▶ _Assignment_: Please repeat the listing below exactly, but do not include its pictures.

▶ _Given material_:
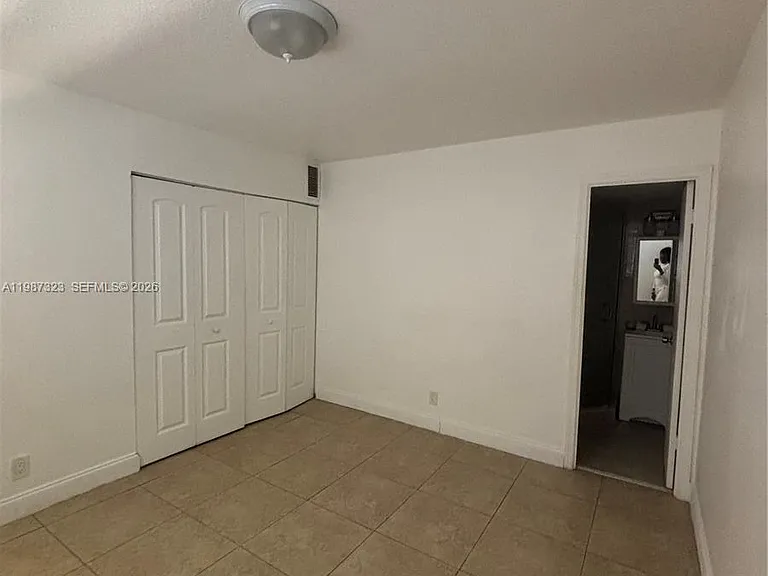 550 SW 2nd Ave #1210 — Photo 11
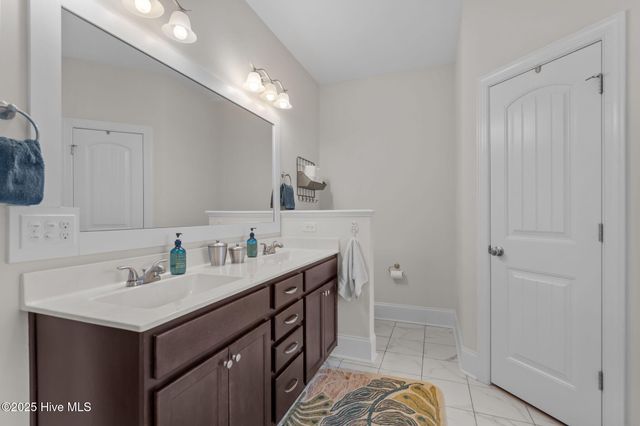 426 Canter Crest Road, Hampstead, NC 28443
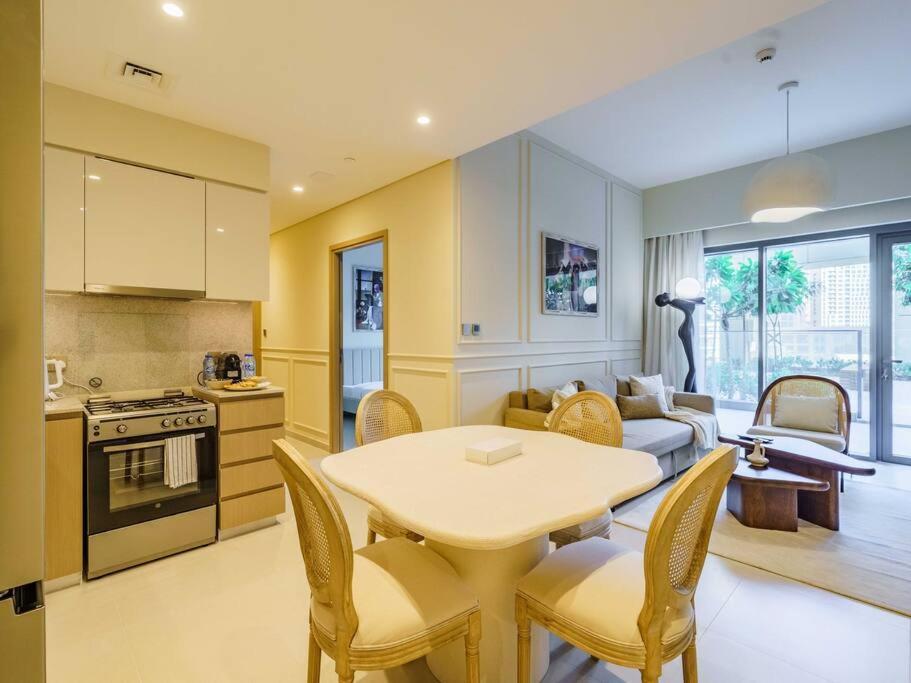Sophisticated 2br In Unbeatable Downtown Location Apartment *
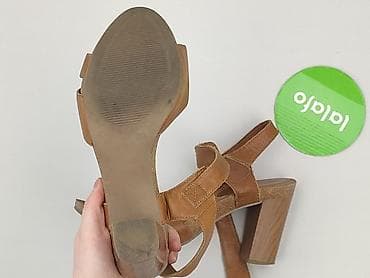 w klapkach tekst: Caprice, Sandały damskie, rozmiar 38.5 — 4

▶ _Exercise solution_:
 550 SW 2nd Ave #1210 — Photo 11
 426 Canter Crest Road, Hampstead, NC 28443
Sophisticated 2br In Unbeatable Downtown Location Apartment *
 w klapkach tekst: Caprice, Sandały damskie, rozmiar 38.5 — 4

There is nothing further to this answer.